Marie ne savait pas quoi dire. Elle ne se souvenait pas de sa mésaventure et encore moins d’une certaine Amélie. Pourtant, ce nom résonnait comme un écho dans sa mémoire. Mais quand elle essaya de se rappeler d’où elle le connaissait, le souvenir semblait s’éloigner. Marie soupira d’exaspération. Sa mère la rassura en lui disant qu’elle était sûre que les choses reviendraient à la normale en temps voulu et que pour l’instant Marie devait se reposer. Voyant que leur fille semblait fatiguée, Arturo et Evelyne décidèrent de rentrer à la maison en promettant à Marie de revenir le lendemain matin. Ils étaient épuisés, ayant veillé leur fille depuis son accident. Ils l’embrassèrent tendrement et sortirent de la chambre.
Se retrouvant de nouveau seule, Marie regarda autour d’elle. Son visage pâle se reflétait sur la vitre de sa chambre. Elle regarda par la fenêtre un moment et sentit qu’elle allait de nouveau s’assoupir. Au moment où elle se sentait envahir par le sommeil, un mouvement derrière la vitre attira son attention.
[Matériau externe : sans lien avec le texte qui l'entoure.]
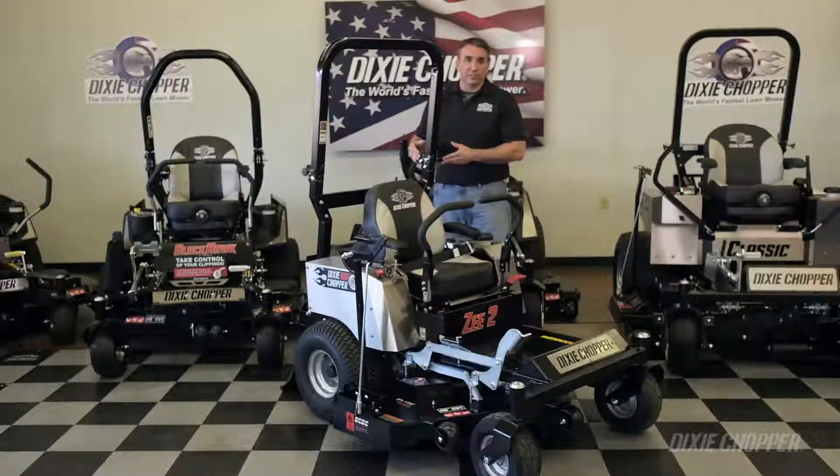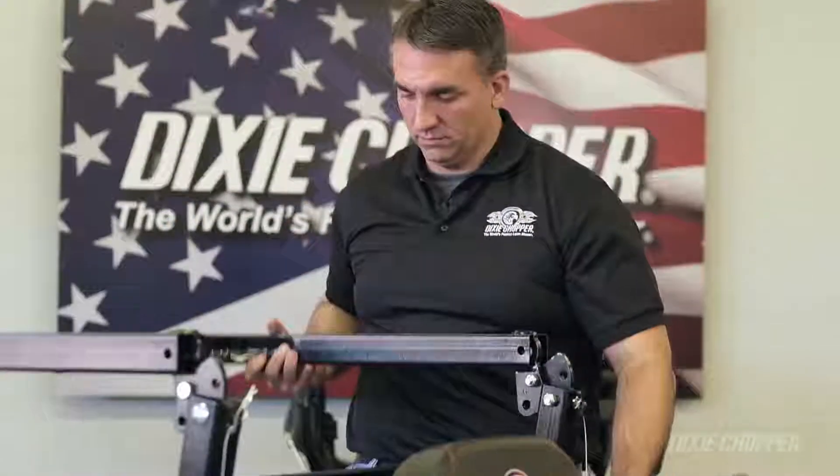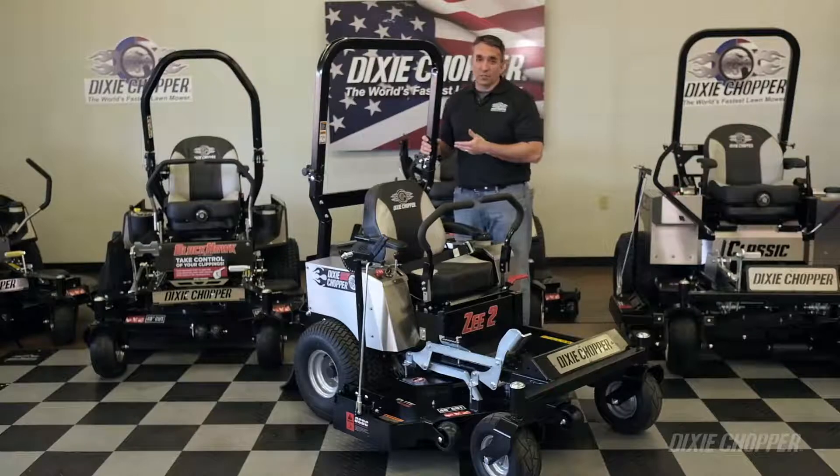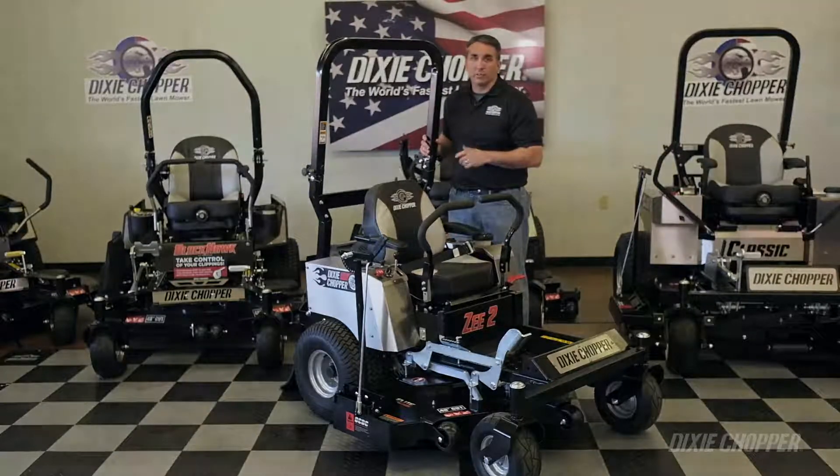Also, on the ROPS, it is foldable in the center to allow for additional clearance. So if you have some questionable hillsides on your property, a ROPS system would be a good investment for your zero-turn mower.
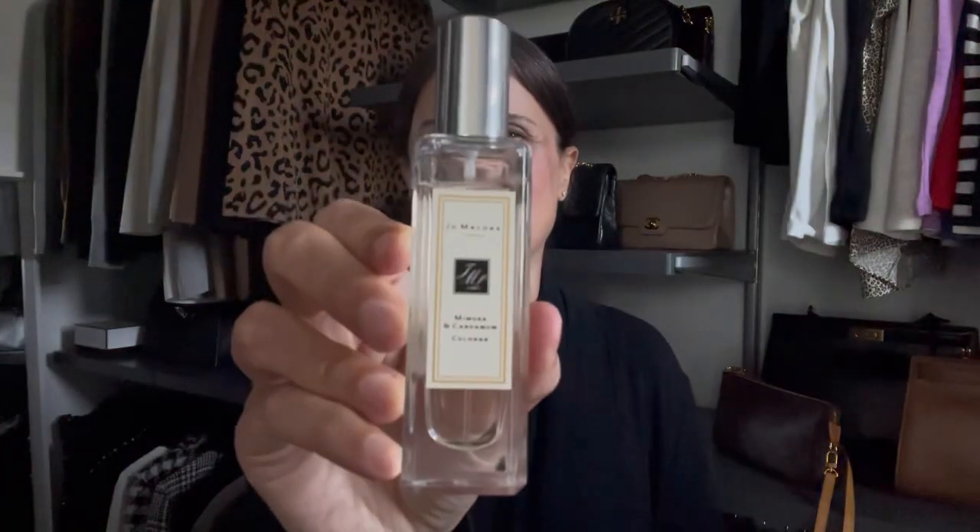The last fragrance favorite for the month that I didn't purchase this month but have just been really enjoying is Jo Malone's Mimosa and Cardamom. I used to love wearing this in the fall and winter where I lived previously, but it is so beautiful for spring. I've been wearing it a lot around the house lately — it's very warm, sweet, and comforting, and it's light and fresh. I've just been really getting a lot of use out of this this month.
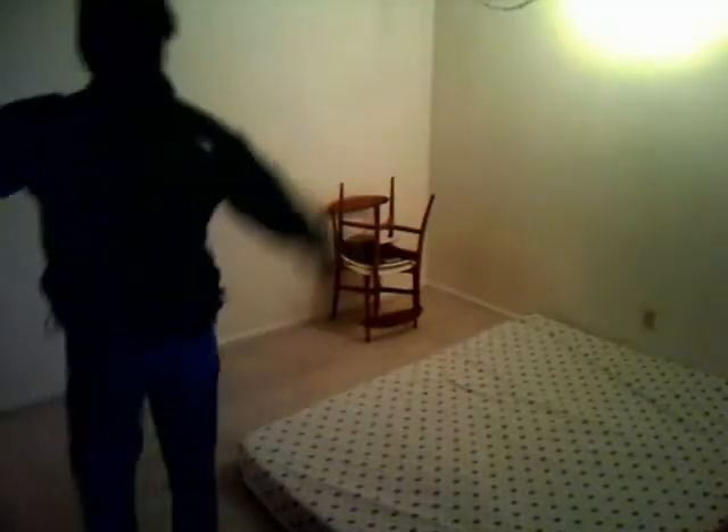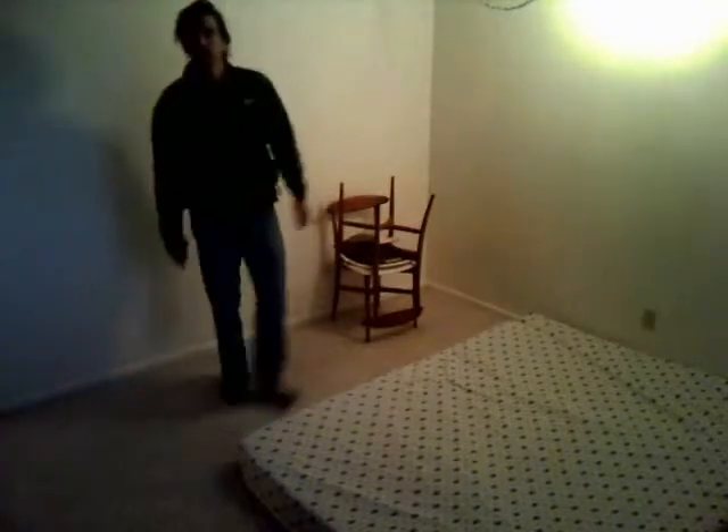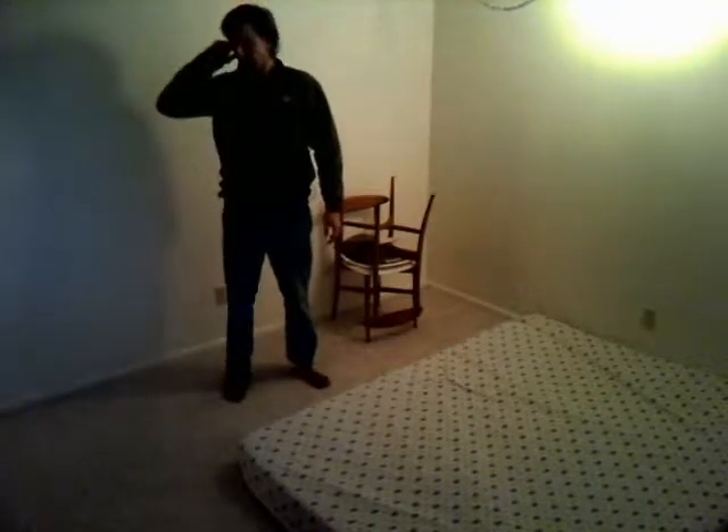Second bedroom — even less fancy, but it's got the same kind of window, maybe a little bit bigger, looking out the back, the backyard. So we're looking west now out the backyard. Right now there's definitely nothing in here, just a little crash pad on the floor. I think this room is almost identical to the other one — probably 12 by 14 and directly under the master upstairs. Also, guys, this is the feature — here's an intercom system.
Marie se concentra sur ce mouvement et finit par comprendre ce qu’elle voyait. Derrière la vitre, un visage blafard avec un sourire effrayant l’observait, immobile, l’air de la narguer. Marie était tétanisée. Elle ferma les yeux très forts, en priant pour que ce ne soit qu’une hallucination. Quand elle les rouvrit, le visage avait disparu. Soulagée, elle regarda encore un moment la vitre mais, mis à part le soleil couchant, elle ne distinguait plus rien. Elle finit donc par s’endormir.